Monday Headlines

Fiscal Cliff Discussions Slow As Lobbying Speeds Up
The Obama administration is aggressively encouraging its supporters to lobby congressional members on behalf of its plan to increase tax rates on the top earners. The tactic is reflective of the new strategy being employed by Obama, who is trying to seize on his victory in November to push a harder stance in negotiations.

The issue of adjusting tax rates, as opposed to increasing revenue through elimination of tax loopholes, is at the center of the fiscal cliff discussions.

Small Businesses Hold Negative View Post-Election
Small businesses are often seen as the engine of the American economy due to their role in job creation. But many owners are looking toward 2013 with a pessimistic attitude, according to a Gallup poll. In fact, the poll finds that small business owners are the most pessimistic they have been since 2010.

Owners’ expectations for their financial situation, cash flow, capital spending, and hiring over the next 12 months all worsened significantly in November.

  • One in five small-business owners (21%) expect the number of jobs at their company to decrease over the next 12 months, the highest percentage Gallup has measured to date.
  • One in three owners (34%) expect their company’s capital spending to decrease over the next 12 months — the highest recorded since July 2010.
  • Twenty-eight percent of owners expect to be in a “poor” financial position 12 months from now — the highest Gallup has measured to date.

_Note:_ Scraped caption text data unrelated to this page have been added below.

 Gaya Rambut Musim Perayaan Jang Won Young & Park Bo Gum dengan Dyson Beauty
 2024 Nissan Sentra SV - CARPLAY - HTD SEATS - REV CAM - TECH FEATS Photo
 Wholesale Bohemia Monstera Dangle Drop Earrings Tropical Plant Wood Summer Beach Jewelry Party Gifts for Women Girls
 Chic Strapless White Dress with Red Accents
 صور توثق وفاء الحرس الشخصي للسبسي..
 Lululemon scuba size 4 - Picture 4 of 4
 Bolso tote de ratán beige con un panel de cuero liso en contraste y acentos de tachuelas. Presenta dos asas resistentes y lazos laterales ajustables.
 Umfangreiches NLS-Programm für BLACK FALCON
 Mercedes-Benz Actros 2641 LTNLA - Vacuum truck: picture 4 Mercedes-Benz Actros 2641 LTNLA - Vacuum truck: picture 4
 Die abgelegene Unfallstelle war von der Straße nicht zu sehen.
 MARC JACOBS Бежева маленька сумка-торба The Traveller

Did The Oracle Fail Economics 101?
Swaminathan S A Aiyar writes in Forbes, that Buffett’s plan to tax the top 2 percent would not pass the Econ 101 test, primarily because it equates to double taxation.

“Taxing transfers (like dividends) amounts to double taxation. The IRS first taxes profits earned by a corporation, and again taxes the proportion of profits distributed as dividends. Asking whether a fair tax rate for dividends is 15 percent or 30 percent misses the point that any double taxation at all is unfair. In principle, taxing dividends is no different from taxing the allowance you give to your kids, which is also a transfer,” he concludes.

A Balanced Approach Must Include Entitlement Reform
Robert Samuelson argues in The Washington Post that the Obama administration has to include reform of Social Security and Medicare if it wants to really solve the deficit and debt problem.

“Deficit reduction should include higher taxes on the richest Americans. But there are practical limits. Already, Obama’s proposals would, in combination with state taxes, raise some top marginal tax rates to about 50 percent. As taxes rise, so do risks of adverse economic effects and more tax avoidance. Spending must be addressed. Government has other responsibilities besides sheltering the elderly,” says Samuelson.